Download the Edge TPU Compiler:

In [0]:
! curl https://packages.cloud.google.com/apt/doc/apt-key.gpg | sudo apt-key add -

! echo "deb https://packages.cloud.google.com/apt coral-edgetpu-stable main" | sudo tee /etc/apt/sources.list.d/coral-edgetpu.list

! sudo apt-get update

! sudo apt-get install edgetpu-compiler	

Compile the TF Lite models:

In [0]:
! edgetpu_compiler mobilenet_v2_1.0_224_quant.tflite

## Download the model

Now download the converted model and labels. (Look out for a browser popup that might need approval to download the files.)

In [0]:
from google.colab import files

files.download('mobilenet_v2_1.0_224_quant.tflite')
files.download('mobilenet_v2_1.0_224_quant_edgetpu.tflite')
files.download('flower_labels.txt')

## Summary

* **Using a pre-trained model for feature extraction**:  When working with a small dataset, it is common to take advantage of features learned by a model trained on a larger dataset in the same domain. This is done by instantiating the pre-trained model and adding a fully-connected classifier on top. The pre-trained model is "frozen" and only the weights of the classifier get updated during training.
In this case, the convolutional base extracted all the features associated with each image and you just trained a classifier that determines the image class given that set of extracted features.

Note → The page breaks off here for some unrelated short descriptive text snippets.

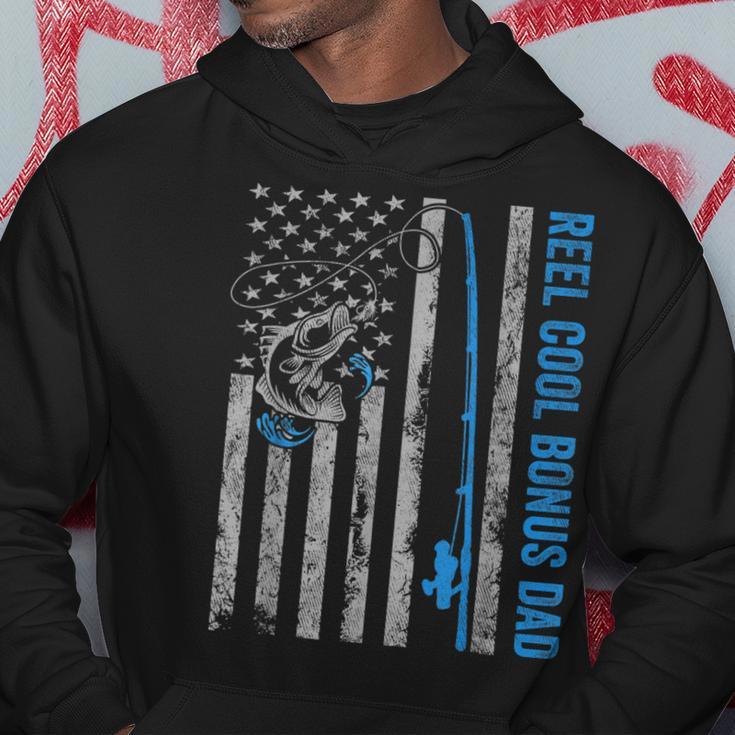 Reel Cool Bonus Dad Fathers Day American Flag Fishing Hoodie Unique Gifts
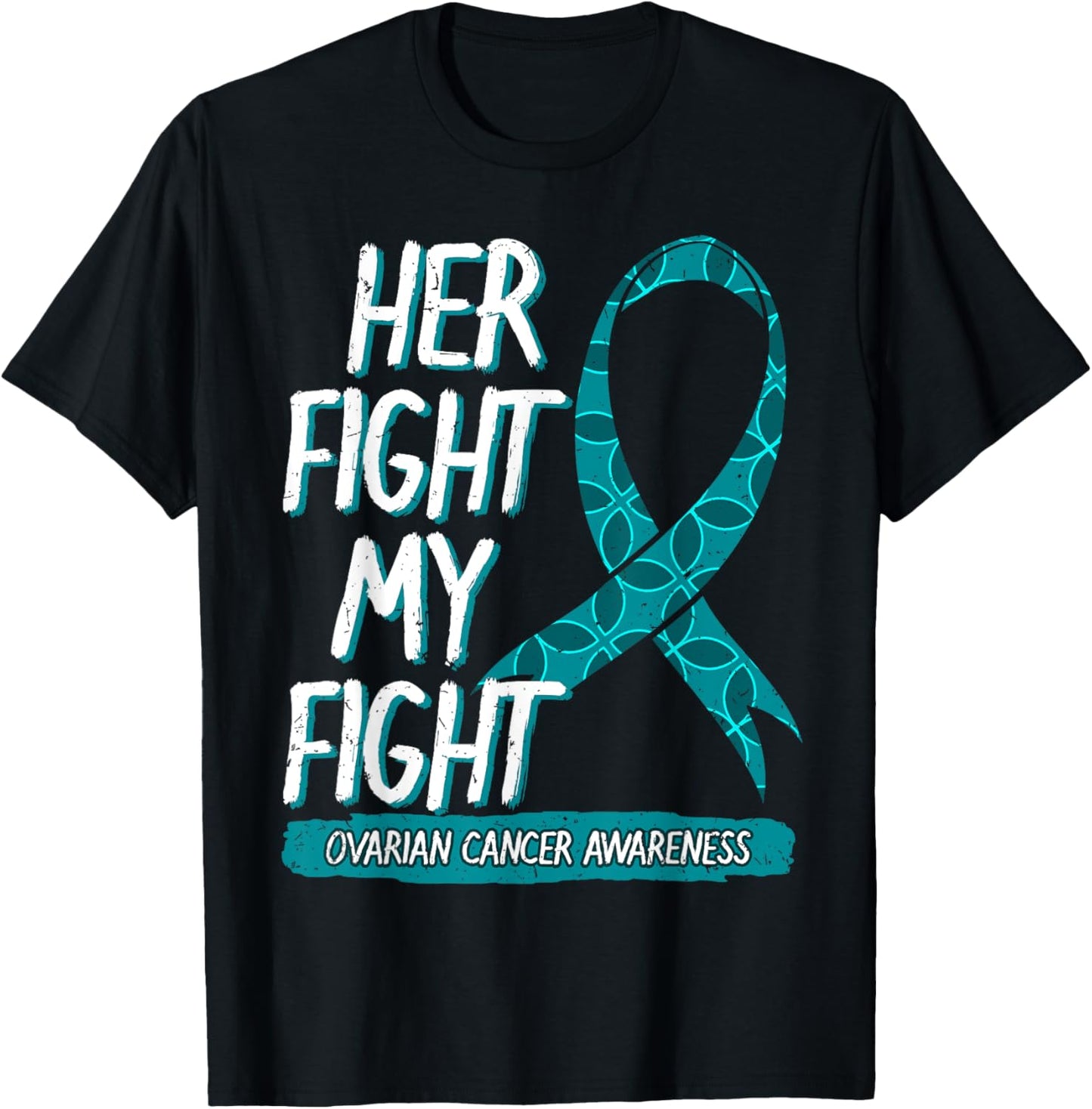 Ovarian Cancer Awareness Carcinoma Teal Ribbon Gynecology T-Shirt - T-Shirt | Black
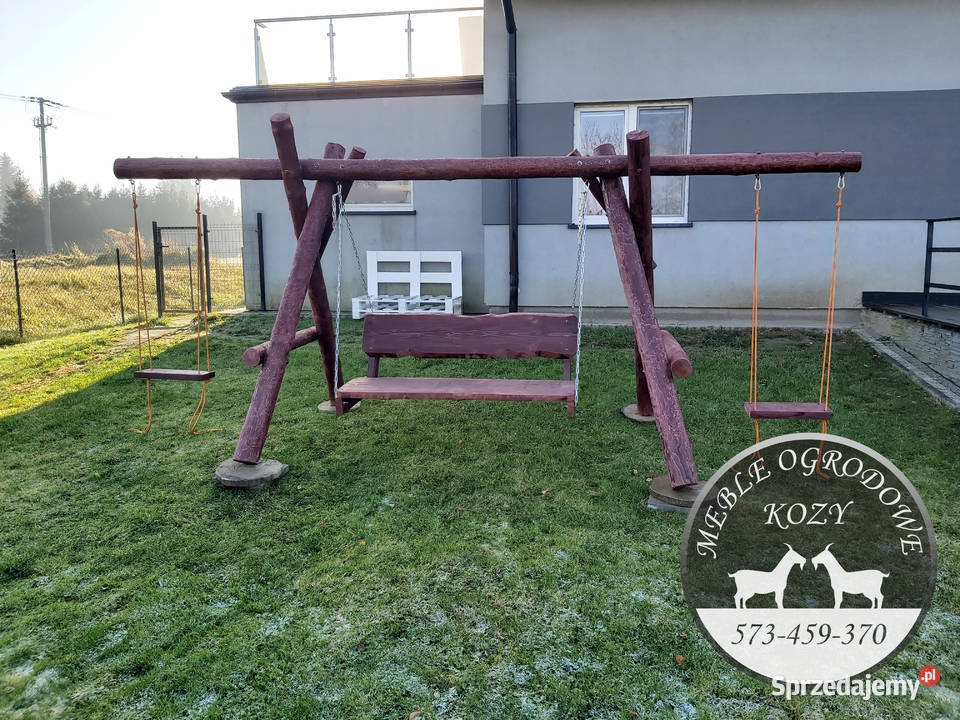 Plac zabaw ogrodowy drewniany z bali huśtawka śląskie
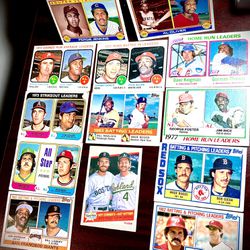 Vintage Baseball 70’s To Early 80’s Topp’s Leaders Lot Of 13 Trading Cards 
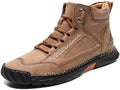 Mens Orthopedic Comfortable Handmade Boots Casual Mid Top Walking Driving Shoes Waterproof Arch Support Spacious Toe Box Outdoor Leather Shoes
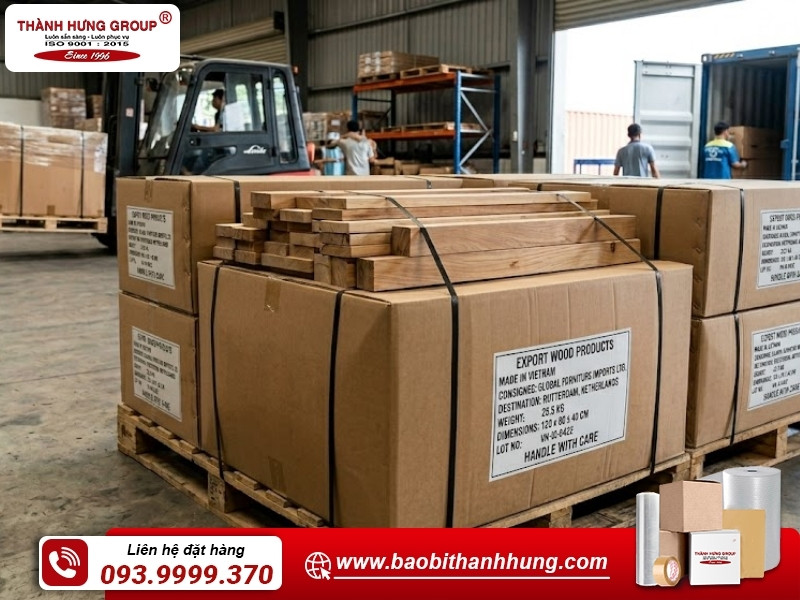 Bao Bì Thành Hưng sản xuất thùng carton đựng gỗ xuất khẩu chất lượng cao.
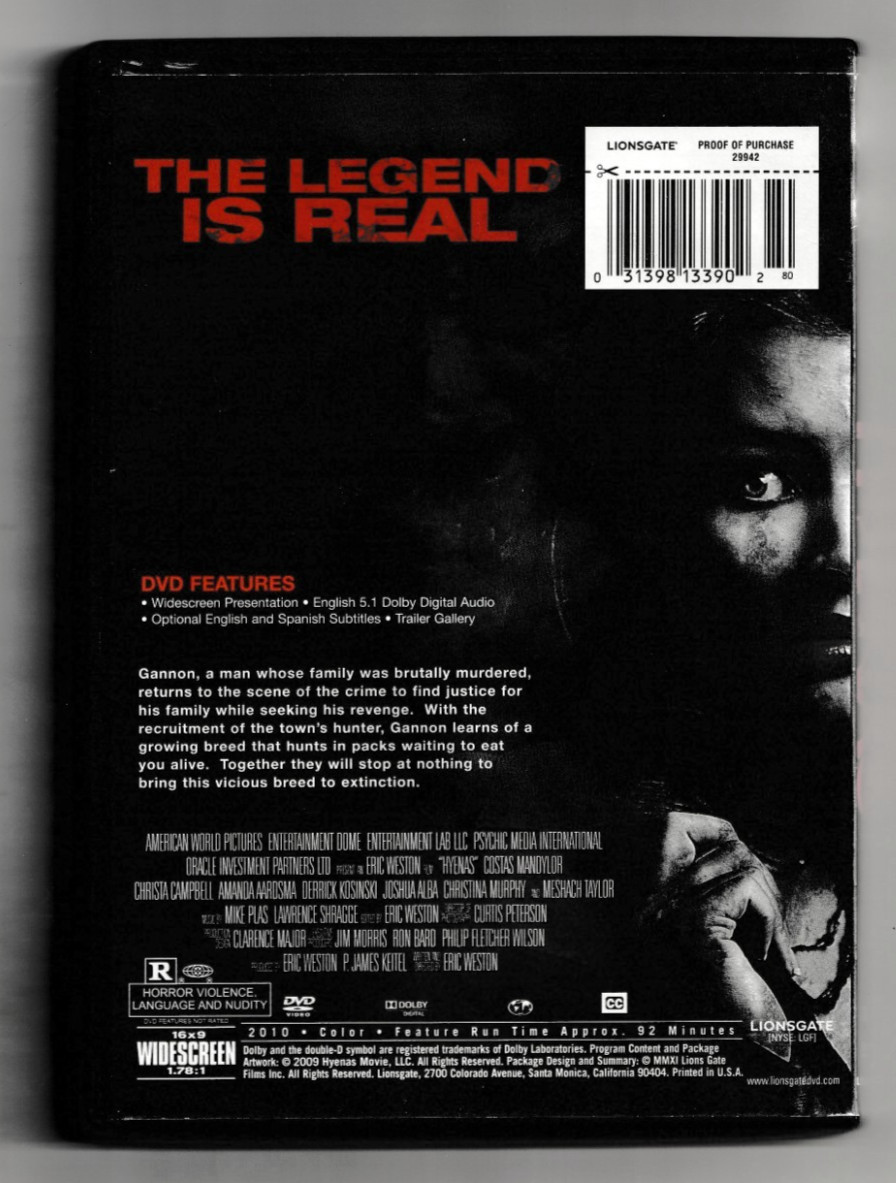 HYENAS Movie starring COSTAS MANDYLOR CHRISTA CAMPBELL 2010 DVD 92 minutes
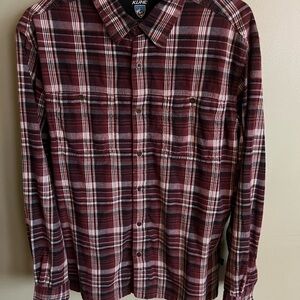 KUHL Men's Burgundy, Brown, Taupe and Cream Plaid Shirt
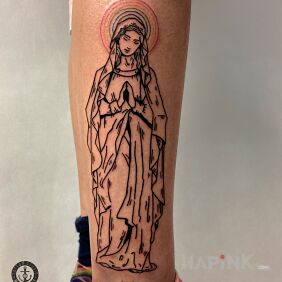 Tattoo Maryika on the leg motif: black and gray style: contour / linework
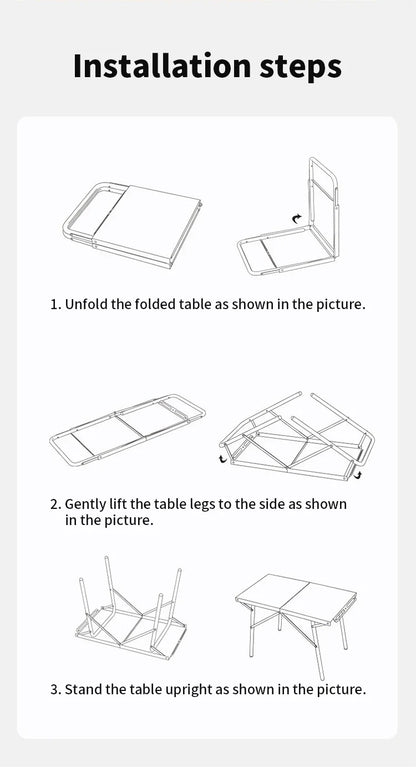 Folding Stainless Steel Camping Table Heat-Resistant Silver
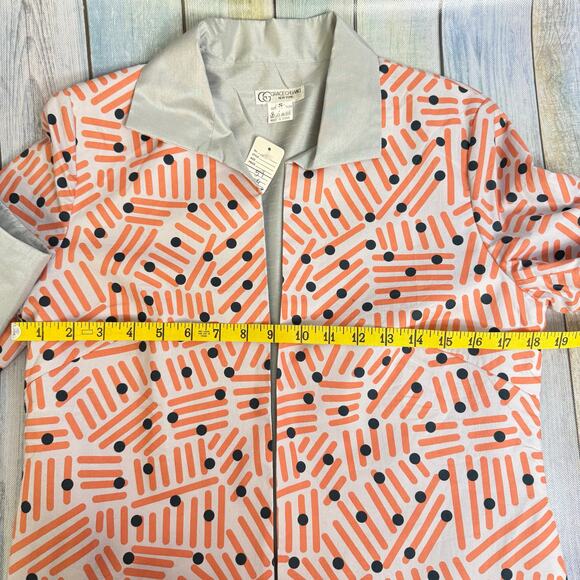 Grace Chuang Jacket Small Cotton Animal Print NEW Art To Wear Grey Orange - Picture 7 of 11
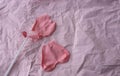 A burst pink balloon heart on a stick lies on a background of pink crumpled paper. A place for your text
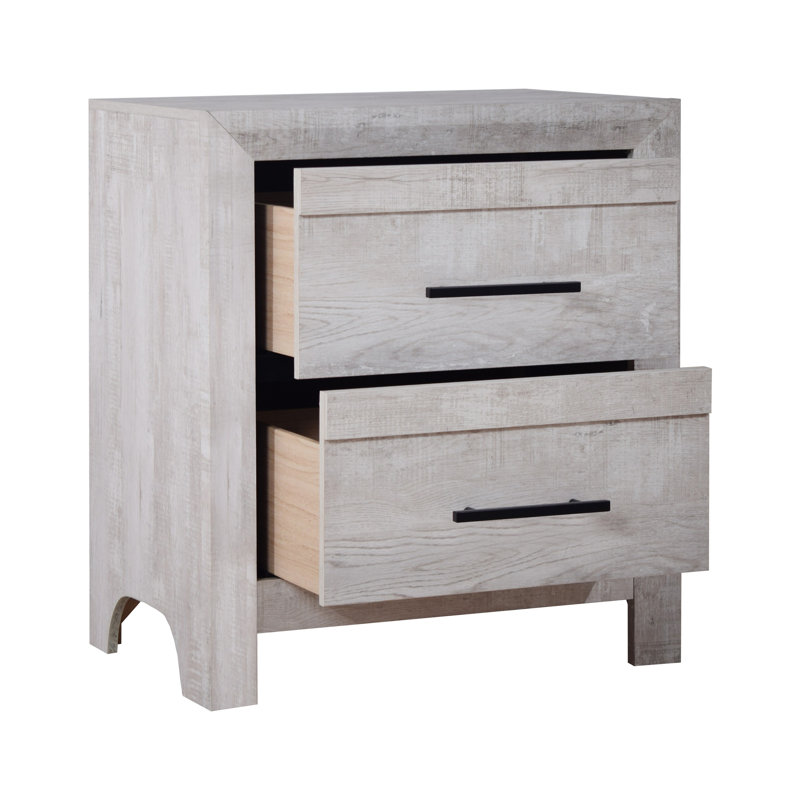 Bisca Nightstand, 2 Drawers, Black Handles, Light Gray Wood, 27 Inch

* **Fine-tuning a pre-trained model**: To further improve performance, one might want to repurpose the top-level layers of the pre-trained models to the new dataset via fine-tuning.
In this case, you tuned your weights such that your model learned high-level features specific to the dataset. This technique is usually recommended when the training dataset is large and very similar to the orginial dataset that the pre-trained model was trained on.